Know before you literally go.
Are you sure you want to take that ride? While rideshares are becoming a more popular option than taxis for getting to and from the airport, they’re not exactly hassle-free. While rideshares may cost less and be easier to hail, they can take quite a while to arrive. In the meantime, many outlets report, travelers are being approached by drivers that claim they work for rideshare services when they really don’t.
Despite efforts to stop them, fake rideshares continue to run amok. At major airports around the United States, passengers are falling prey to more and more of these scams. A recent investigation by WGN found that within a 45-minute period at O’Hare International Airport (ORD) and Midway Airport (MDW), four such drivers claimed they were taxis or working for a rideshare service. Last year, almost 90 citations were issued at ORD and MDW for “unlawful solicitation of rides.”
Here’s how a fake ride sharer might operate: while you’re waiting the 20+ minutes it can take for your Uber to arrive, a driver flags you down, says they’re part of a rideshare service and insists that their “livery” license plates permitted them to offer rides or simply say that they can take you from the airport to your home for a set price.

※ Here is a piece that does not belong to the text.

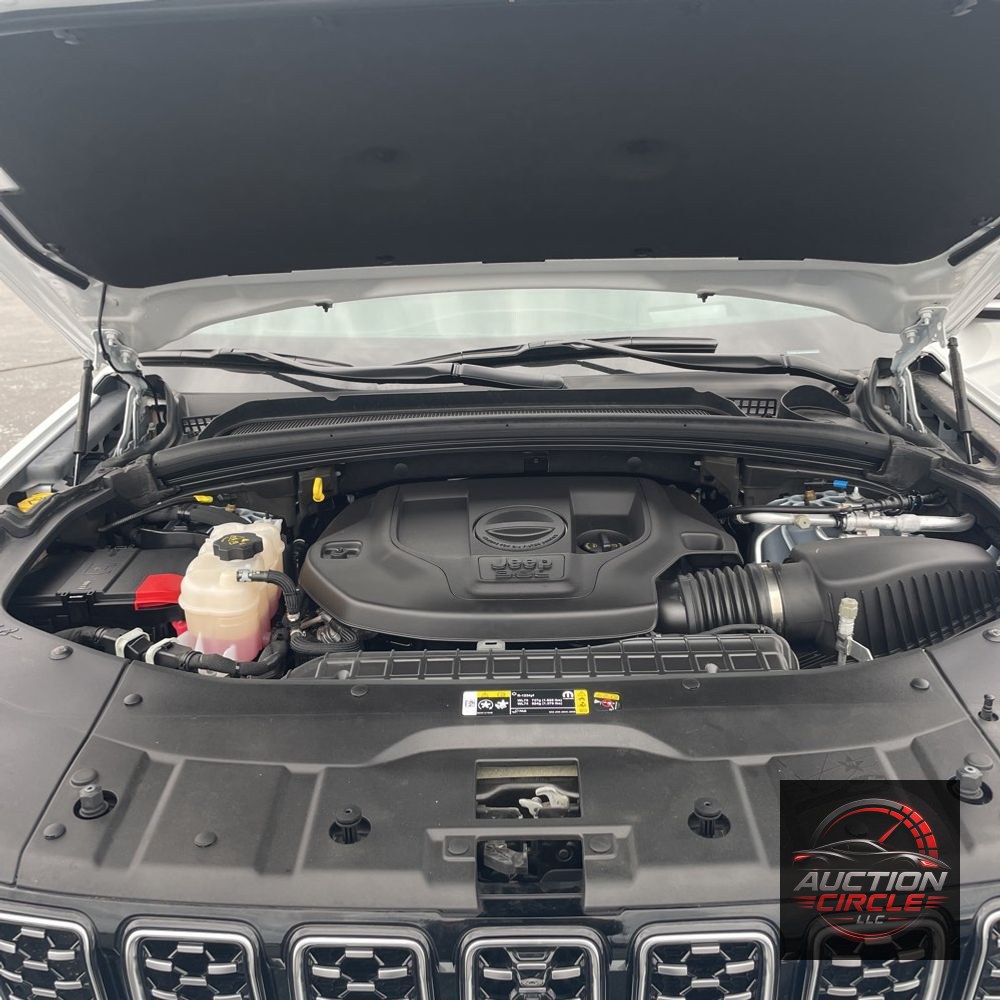 2024 Jeep Grand Cherokee L Summit Reserve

It’s no secret: rideshare queues at airports around the country are a nightmare so it can be easy to give in and not think things through before quickly hopping in. But should passengers take the ride if they’re tired of waiting?
A common concern is price. One ORD driver told WGN a ride to Naperville, Chicago, would run anywhere from $89 to $100. “A suburban taxi service that’s authorized to offer pre-arranged airport rides charges $50 for that same ride,” the outlet reports. And that price could change once you get in the car. “These people are hostages in that car unless they pay what they’re told to pay,” said airport greeter Mark Glass.

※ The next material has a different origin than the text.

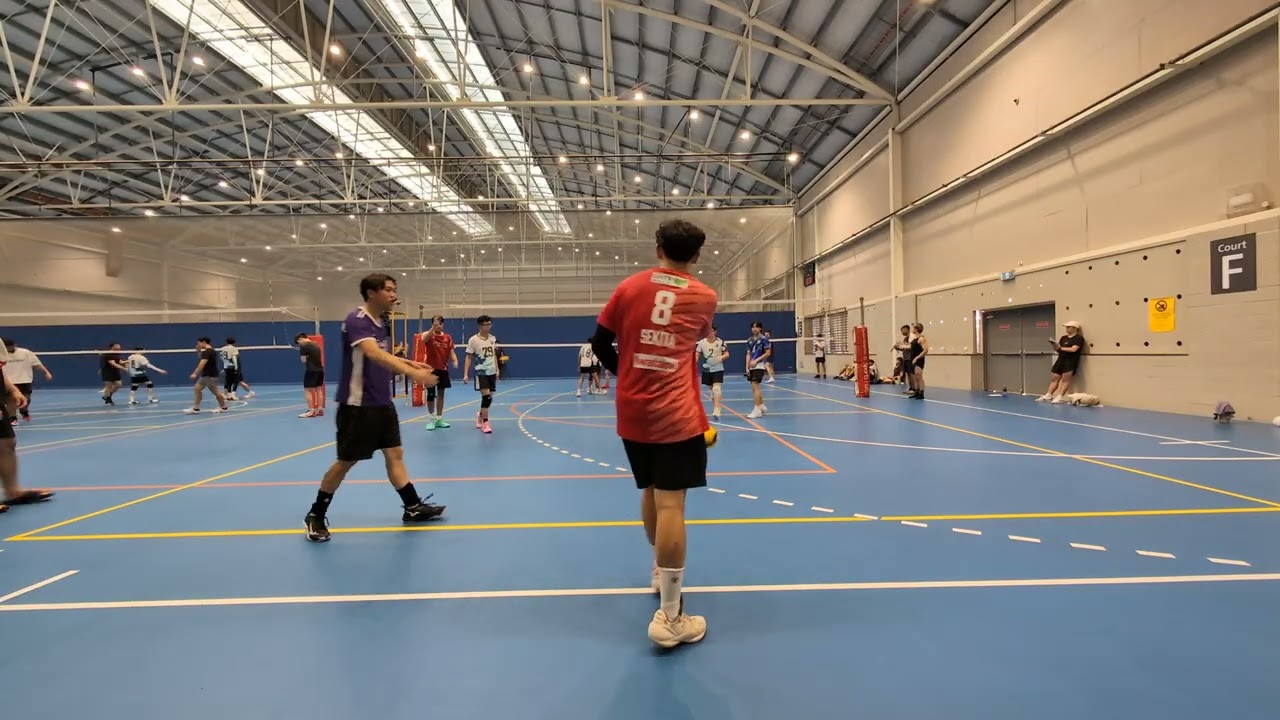 Bayside Baddies Men's | Preseason Cup Game 2 (22/02)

Personal safety is also a concern. In recent years, dozens of passengers like 28-year-old Elizabeth Suarez have been physically and emotionally compromised by such drivers. One night last July, Suarez was robbed after hopping into what she thought was an Uber outside of her Vegas hotel. Shortly after the pickup, the driver departed from the route by pulling into an empty parking lot. He then demanded Suarez give him everything she had. Suarez managed to escape by jumping out of the car (while it was moving) and sustained multiple injuries, including a broken wrist. The driver has yet to be found.
Only accept rides if you’ve called for or requested one on your phone. Before hopping in, double check the make, model, and license plate of their car. Also, verify that your driver’s name matches the one listed in your app, and have them state your name by asking something like, “Who is this ride for?” Uber and Lyft both have their designated safety pages with helpful tips for riders, as well.

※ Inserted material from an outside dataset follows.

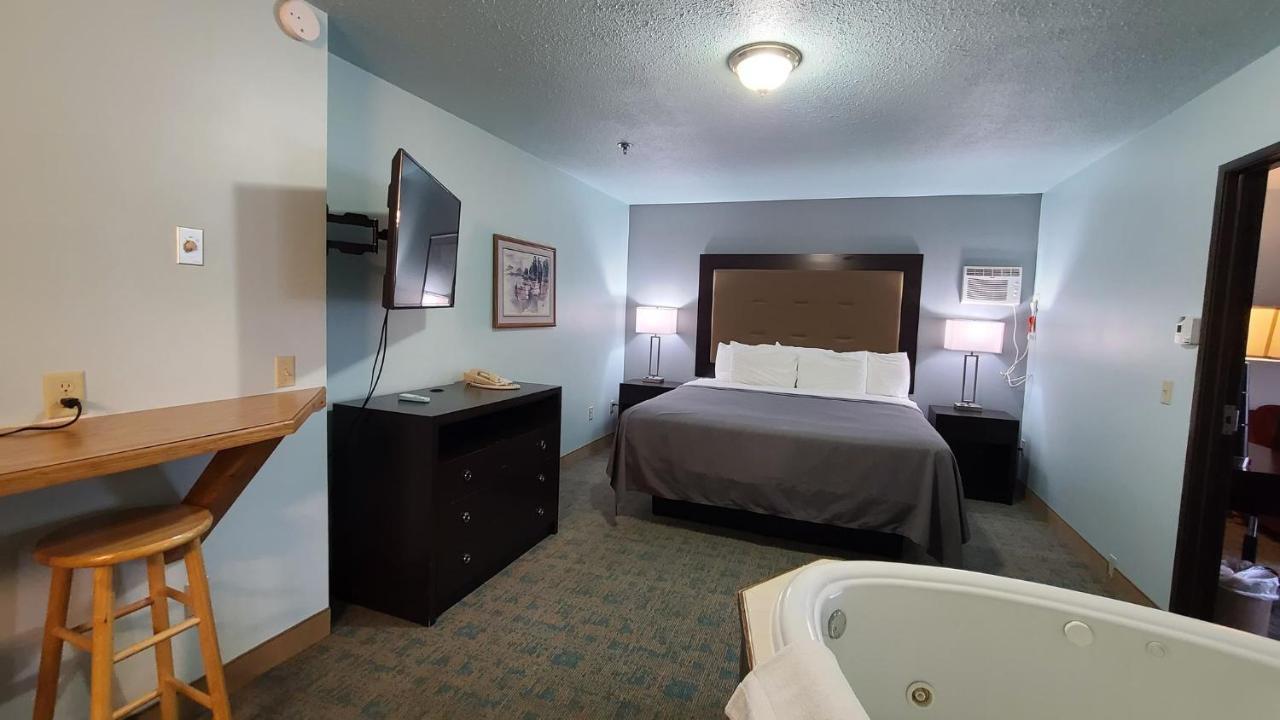 Bay Inn Тавас-Сити Экстерьер фото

Before hopping in, double check the make, model, and license plate of their car.
If you’re headed to a hotel after landing (especially near the airport), the property may have a pick-up/drop-off service, so double check with them to confirm (and you can bypass the aforementioned fees and risks!). Or, call your rideshare before you collect your bags if you know the wait will be long.
If you believe you’ve been scammed or have evidence of a scam by a driver, the city of Chicago encourages people to report such claims after dialing 311.